Caption-style text data

====

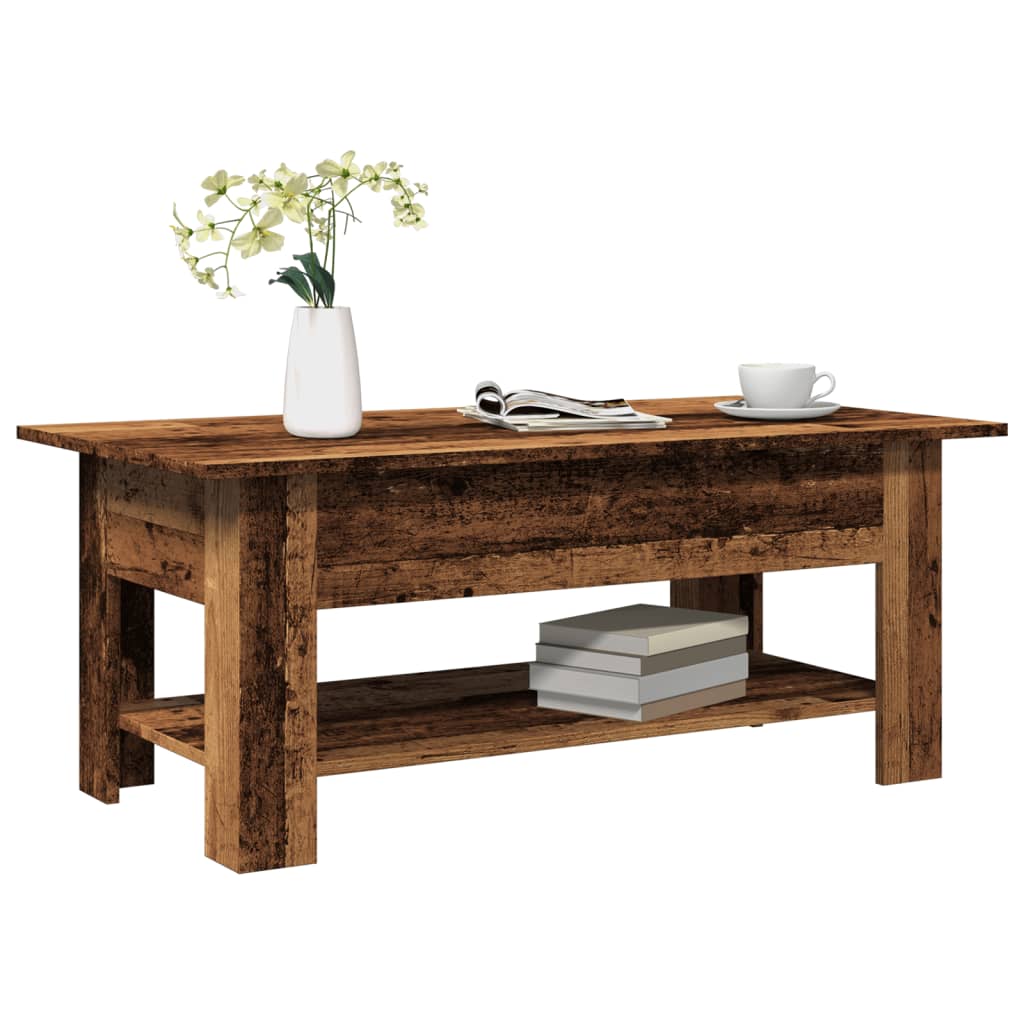 antik fa színű szerelt fa dohányzóasztal 102 x 55 x 42 cm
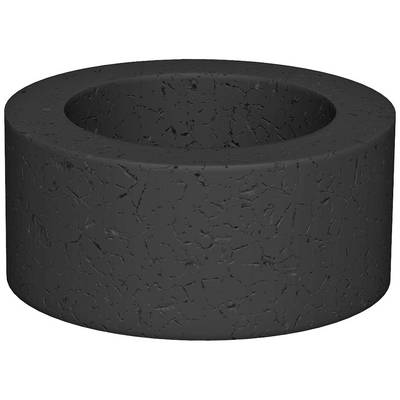 Ein schwarzer, zylindrischer Ring mit rauer, strukturiert erscheinender Oberfläche.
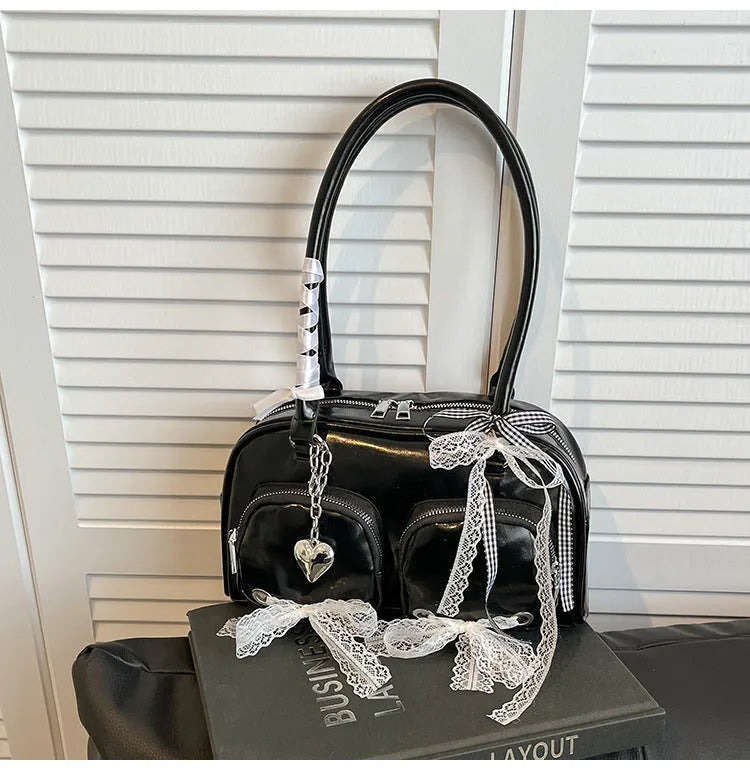 Large capacity casual shoulder bag in soft PU material with cross-body design and mobile phone pocket
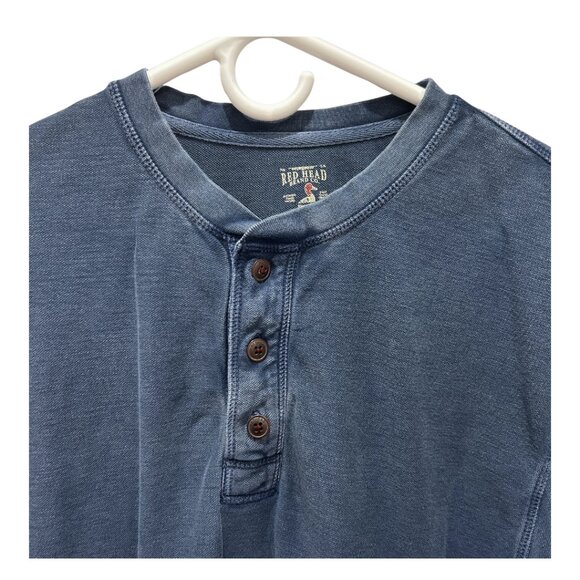 Red Head Henley Shirt Long Sleeve Pullover Men Medium Blue - Picture 3 of 6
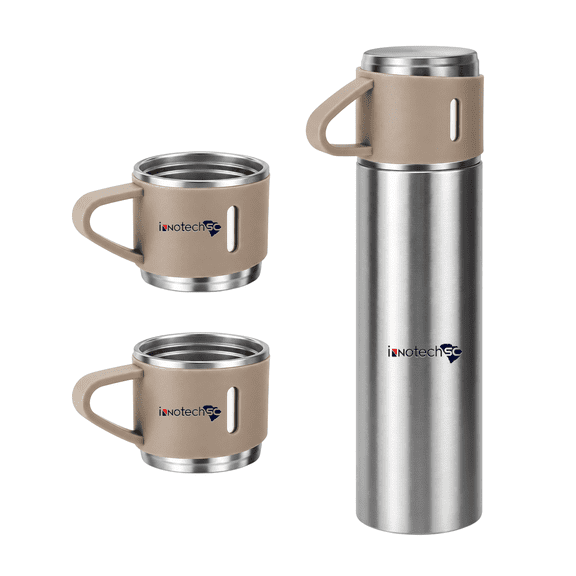 INNOTECH SC Stainless Steel Thermos Bottle 500ml - Vacuum Insulated Flask with Serving Cup, Double-Wall Hot & Cold Drink Water Bottle – Brown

====

Before answering, please find the line containing "Red Head Henley" above, then copy exactly from it through the last line of the entries, both included, without pictures.

 Red Head Henley Shirt Long Sleeve Pullover Men Medium Blue - Picture 3 of 6
 INNOTECH SC Stainless Steel Thermos Bottle 500ml - Vacuum Insulated Flask with Serving Cup, Double-Wall Hot & Cold Drink Water Bottle – Brown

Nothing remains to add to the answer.